Ahvaz lies in Khuzestan, a province bordering Iraq that has a large ethnic Arab community and has seen separatist violence in the past.
IS claimed its first attack in Iran on June 7, 2017, when gunmen and suicide bombers hit the parliament in Tehran and the shrine of revolutionary leader Ayatollah Ruhollah Khomeini, killing 17 people and injuring dozens.
In a video released in March 2017, the jihadists threatened to retaliate against Iran for its military and logistical support to the Syrian and Iraqi governments, as Damascus and Baghdad battled IS insurgencies.
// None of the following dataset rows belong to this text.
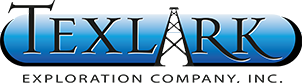 Texlark Exploration Company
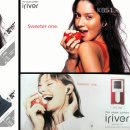 창조모터스 이미지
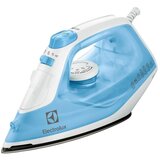 Electrolux Likalnik EDB1730 | Shoptok.si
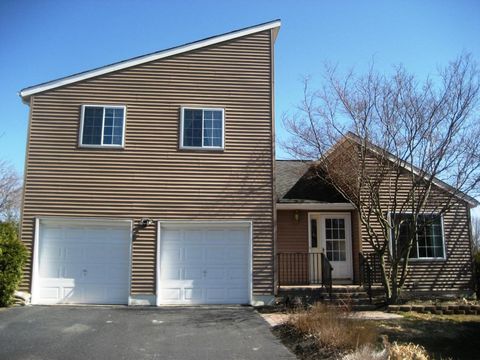 70 Katherine Ave, Clifton City, NJ 07012 - #: 3909152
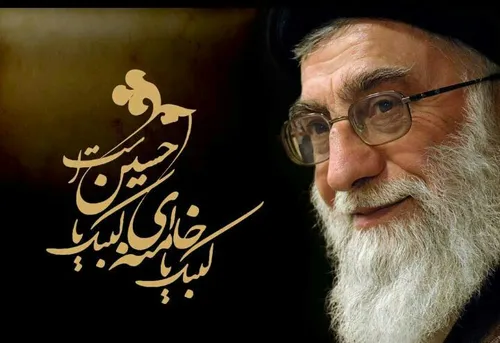 من در جامعه ای زندگی می کنم که به هرجا شبیه است جز جامعه 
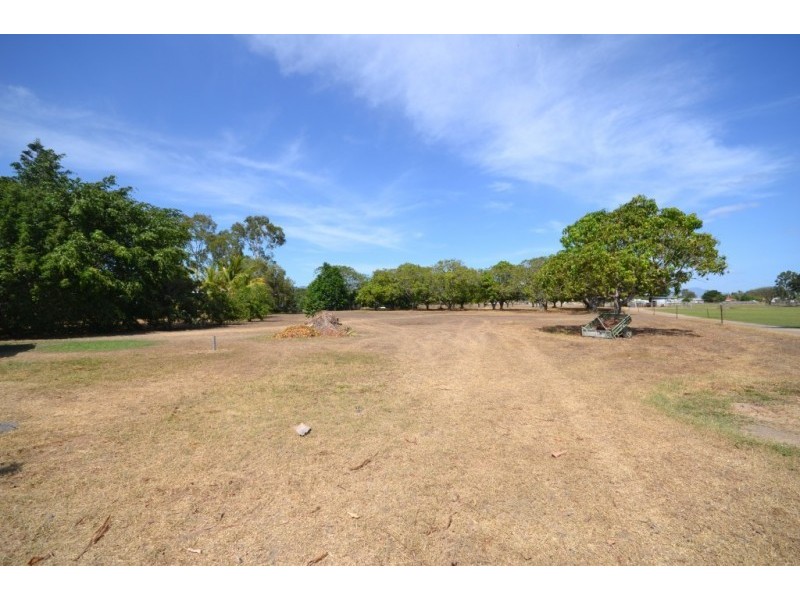 1155 Riverway Drive, Townsville QLD 4810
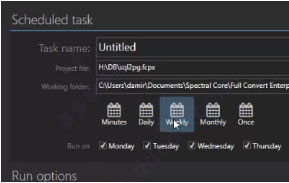 202209130627013341530023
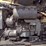 2005-jlg-600a-image-11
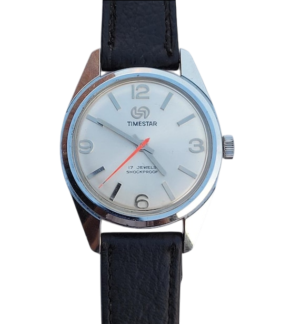 TIMESTAR VINTAGE W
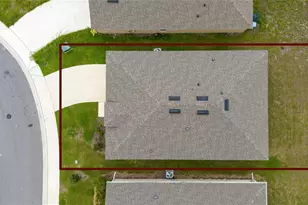 2756 Gentle Rain Dr, Davenport, FL 33837 - Photo 4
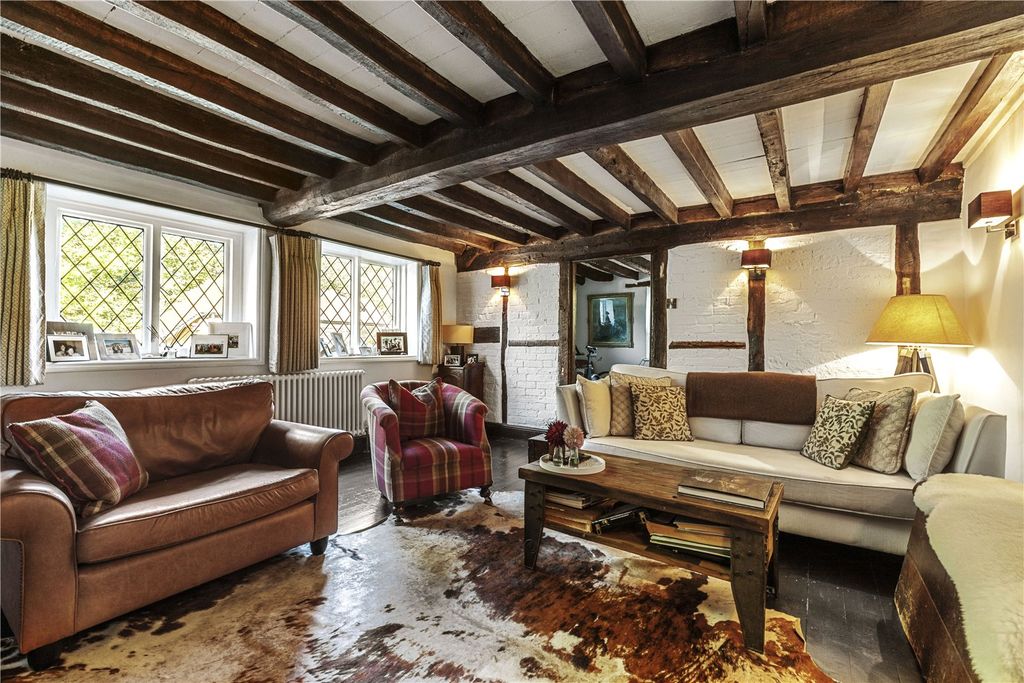 Property photo 2 of 24 Drawing Room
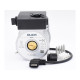 Двигатель циркуляционного насоса Duca 15/5 для котлов Bosch Gaz 2000 W, 6000 W, Buderus Logamax U072 (87186481810.DDV) 87186457900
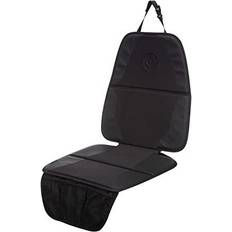 Other Covers & Accessories Maxi-Cosi Vehicle Seat Protector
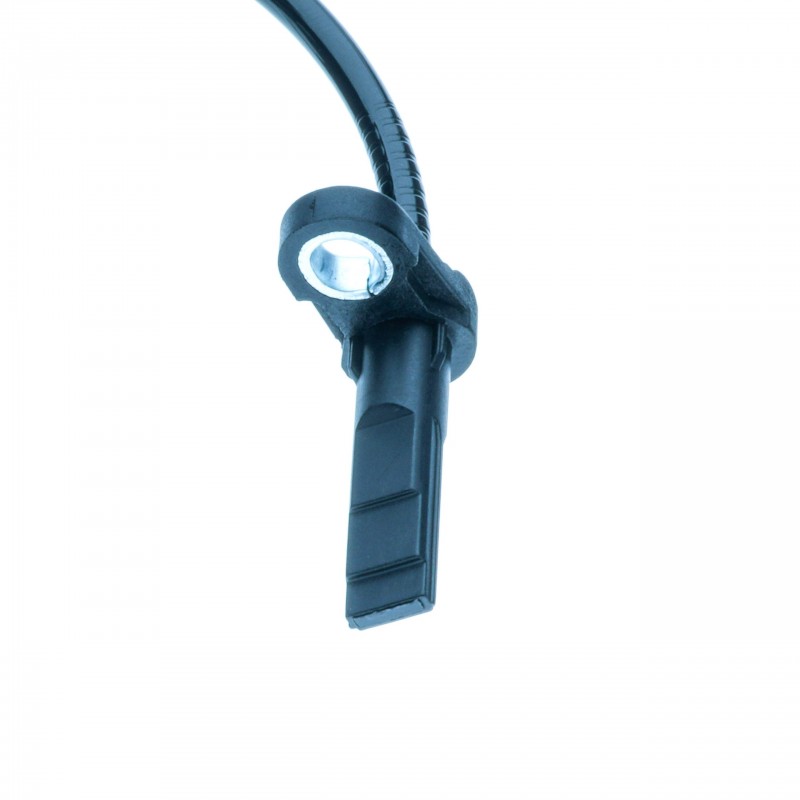 Senzor ABS SUBARU Legacy IV BL/BP (2003-2009) (F-L)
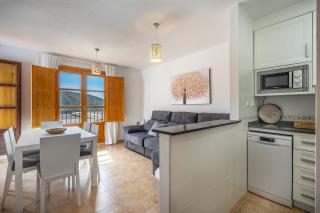 Villa picena las alpujarras - 5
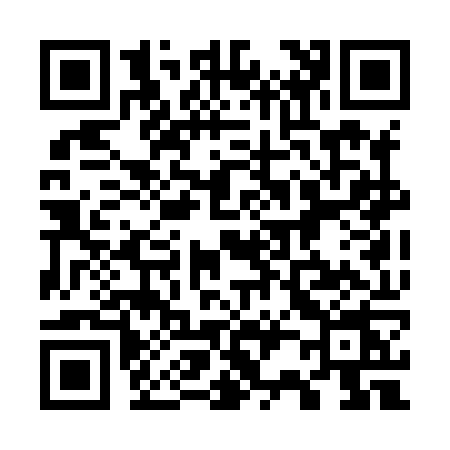 QR code for 723H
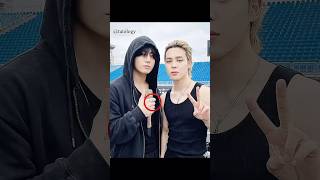 BTS Jungkook $649 Lunar Atelier Hoodie 😱 BTS Fashion Breakdown #bts #btsv #jk #shorts #tutology BTS Jungkook $649 Lunar Atelier Hoodie 😱 BTS Fashion Breakdown #bts #btsv #jk #shorts #tutology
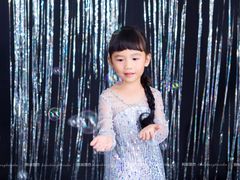 -韩尚婚纱摄影新会店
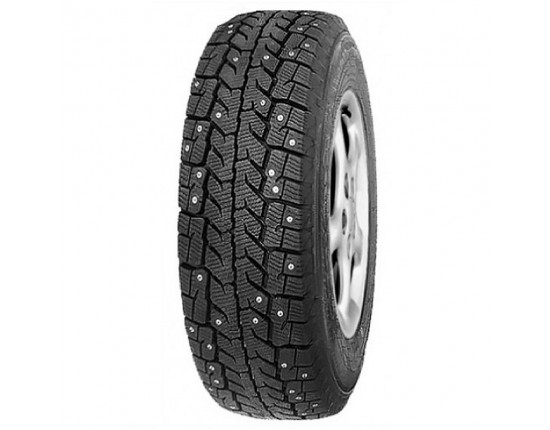 195/75 R16C CORDIANT BUSINESS CW-2 107/105Q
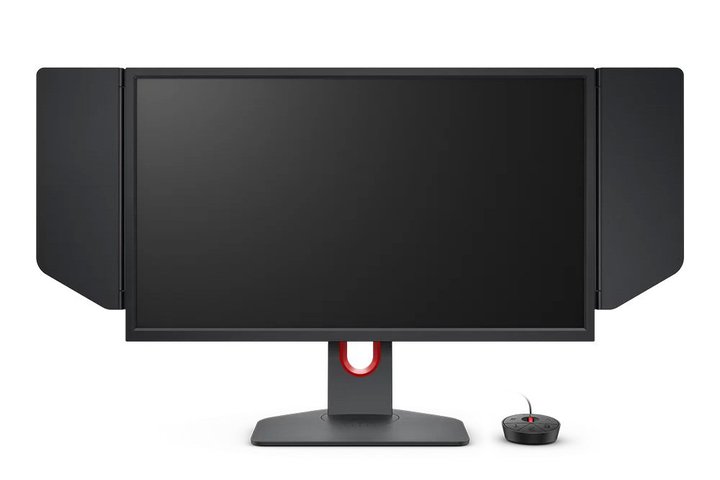 BenQAZOWIEMOBIUZ܂ރj^[11il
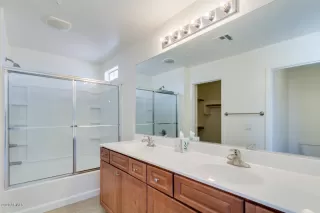 Photo #6: 6086951 Listing 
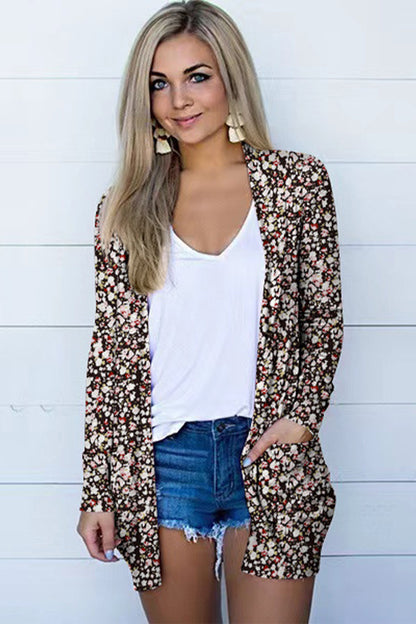 LD | Comfortabel en stijlvol wintervest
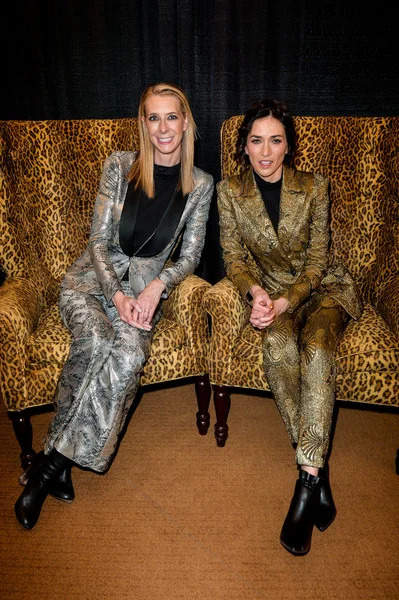 Jocelyn+DeBoer+Dawn+Luebbe+2019+Sundance+Film+bAAYZT6SVLXl.jpg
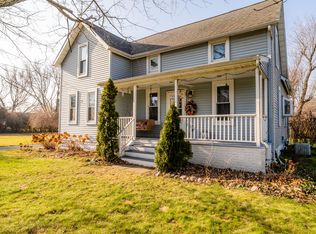 3750 Washington Ave, Saint Joseph, MI 49085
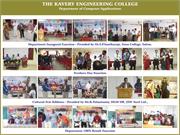 gallery2-mca22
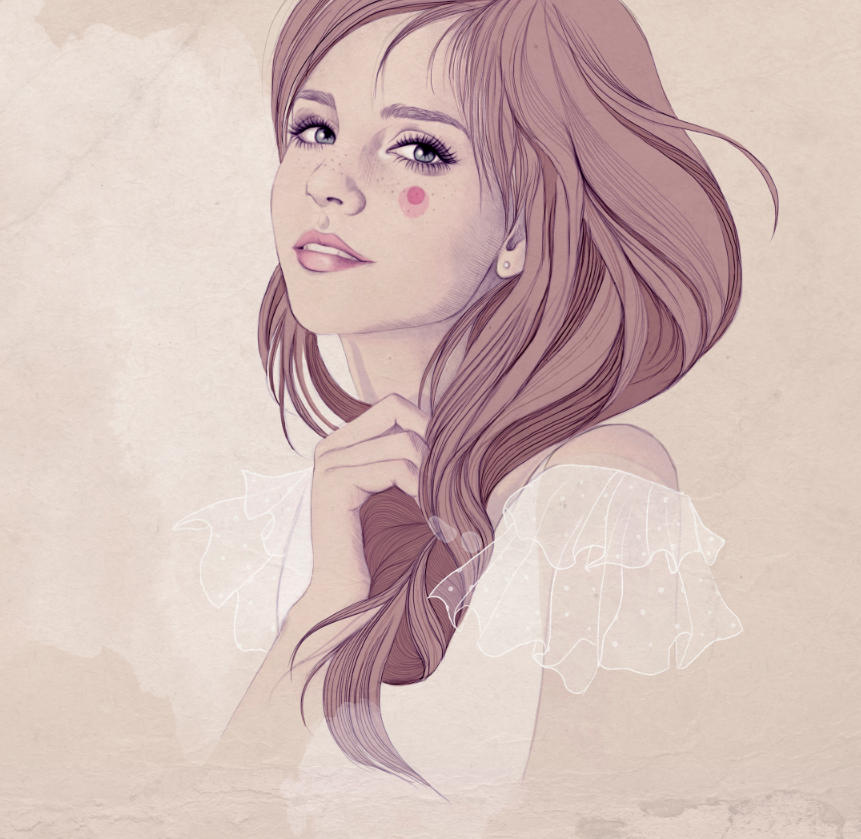 https://www.behance.net/mercedesdebellard?tracking_source=search_users|Mercedes%20deBellard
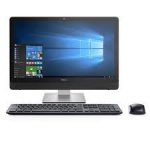 DELL INSPIRION 24-3464 ALL-IN-ONE TOUCH i7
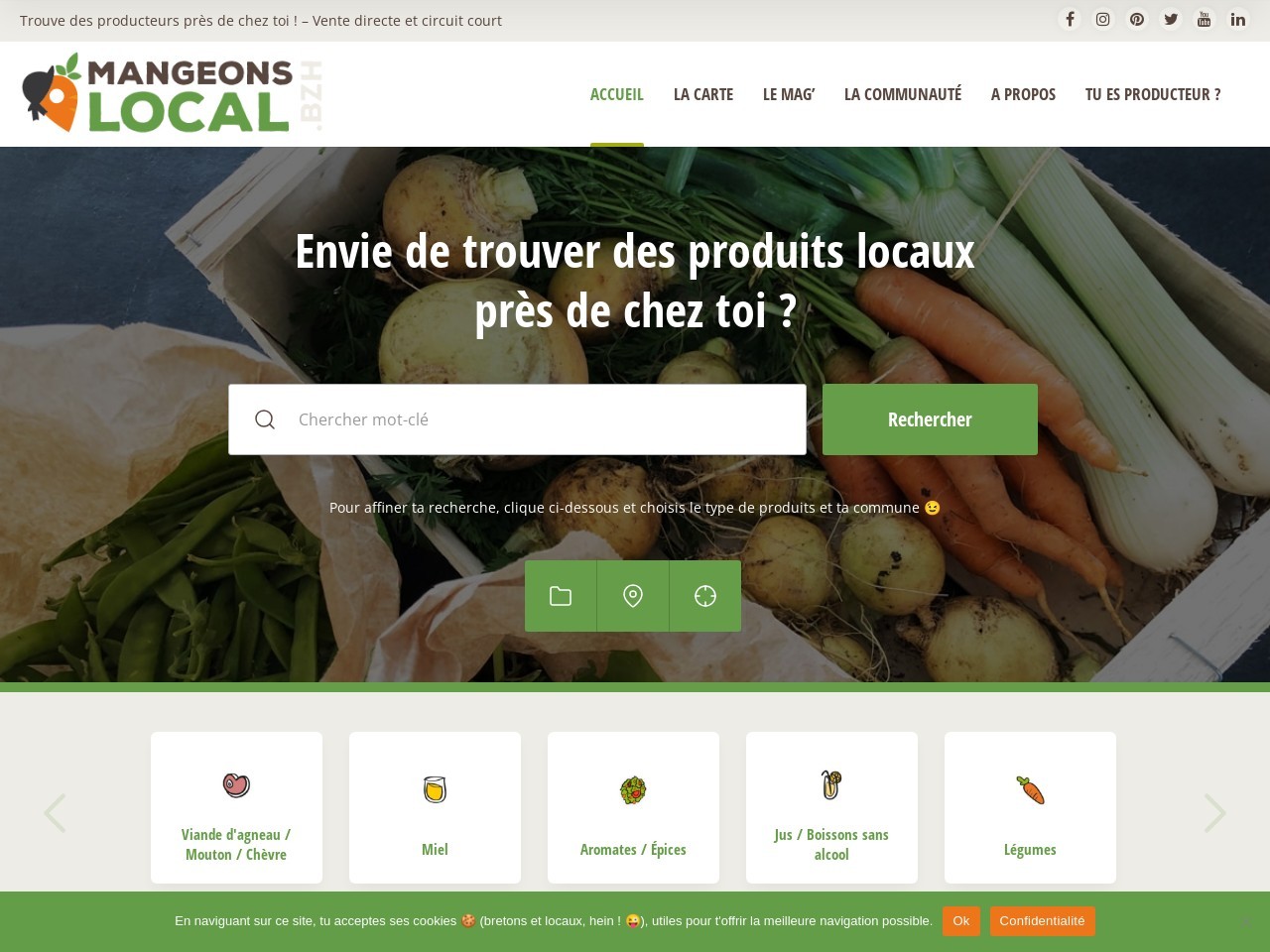 Mangeons local.bzh 6f5b34d7b7daf7c51170097161d80328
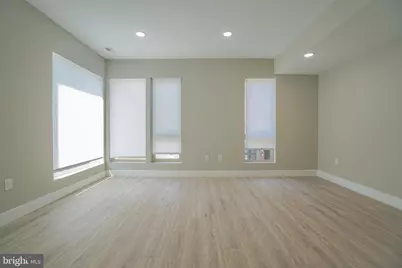 1201 N Taylor, Philadelphia, PA 19121 - Photo 11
The jihadists said they wanted to conquer Iran to “return it to the Sunni Muslim nation” and to provoke a Shiite bloodbath.
Jundallah (Soldiers of God)
This extremist Sunni group began a bloody rebellion against the Islamic republic in 2000. It draws on support from the Baluch ethnic group, which has a major presence in Sistan-Baluchistan province, bordering Pakistan and Afghanistan. The group has rear bases in both countries.
Tehran has long alleged Jundallah received training from the American, British and Israeli intelligence services. It also accuses Pakistan of supporting the group.
– December 15, 2010: Jundallah claims a suicide attack against Shiites celebrating Ashura in Chabahar in southeastern Iran. 34 are killed and more than 80 wounded.
– July 15, 2010: Twin suicide bombings in a crowded Shiite mosque in Zahedan, capital of Sistan-Baluchistan, kill at least 28 people and wound more than 250. The attacks, targeting members of Iran’s elite Revolutionary Guards, are claimed by Jundallah.
– October 18, 2009: Jundallah kill 42 people including several Revolutionary Guard officers in Pishin, a city close to the Pakistan border. The suicide attack targets a meeting between commanders and tribal leaders called to enhance co-operation between Sunnis and Shiites.
– May 28, 2009: 25 people are killed and 125 wounded in a suicide bombing at the Amir al-Momenin Shiite mosque in Zahedan. The attack is blamed on Jundallah.
– February 14, 2007: A car bomb attack against a bus in Sistan-Baluchistan kills 13 and wounds 29.
Iranian authorities have blamed “counter-revolutionary” groups based in northeastern Iraq for several attacks, particularly the Kurdistan Democratic Party of Iran and the Party of Free Life of Kurdistan.
– July 20, 2018: at least 10 Revolutionary Guards are killed in an attack led by insurgents against a base in the village of Dari, in the Marivan district of Iran’s northwestern Kurdistan region. The attack is not claimed.
– September 22, 2010: 12 people are killed and 81 wounded by a bomb explosion during a military parade in Mahabad, a city with a large Kurdish population in Western Azerbaijan province, bordering Iraq and Turkey.
Most of the victims are women and children watching a parade commemorating the 30th anniversary of the outbreak of the Iran-Iraq war. Iran blames “counter-revolutionary elements”.
After the attacks in Tehran on June 7, 2017, Iran ramped up anti-militant operations across the country, targeting northwestern regions, the Iraqi borderlands and the Kurdish minority.